◆ **Problem to solve**
Show every line in the material below in which the string "this" appears.

◆ **Supplied material**
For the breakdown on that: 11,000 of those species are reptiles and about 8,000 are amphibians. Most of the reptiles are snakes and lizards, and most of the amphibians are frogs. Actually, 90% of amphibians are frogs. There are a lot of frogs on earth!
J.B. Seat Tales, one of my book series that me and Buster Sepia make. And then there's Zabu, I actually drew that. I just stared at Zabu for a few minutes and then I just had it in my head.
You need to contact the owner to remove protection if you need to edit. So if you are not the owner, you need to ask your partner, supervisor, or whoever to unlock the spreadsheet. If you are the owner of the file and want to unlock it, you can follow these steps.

* * *

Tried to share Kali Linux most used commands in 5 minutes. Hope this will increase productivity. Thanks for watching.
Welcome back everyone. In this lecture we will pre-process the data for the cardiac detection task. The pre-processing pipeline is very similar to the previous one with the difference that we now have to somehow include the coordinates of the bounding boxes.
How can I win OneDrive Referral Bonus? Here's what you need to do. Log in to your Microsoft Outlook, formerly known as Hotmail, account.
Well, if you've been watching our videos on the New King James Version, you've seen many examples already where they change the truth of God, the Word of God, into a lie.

◆ **Exercise response**
Tried to share Kali Linux most used commands in 5 minutes. Hope this will increase productivity. Thanks for watching.
Welcome back everyone. In this lecture we will pre-process the data for the cardiac detection task. The pre-processing pipeline is very similar to the previous one with the difference that we now have to somehow include the coordinates of the bounding boxes.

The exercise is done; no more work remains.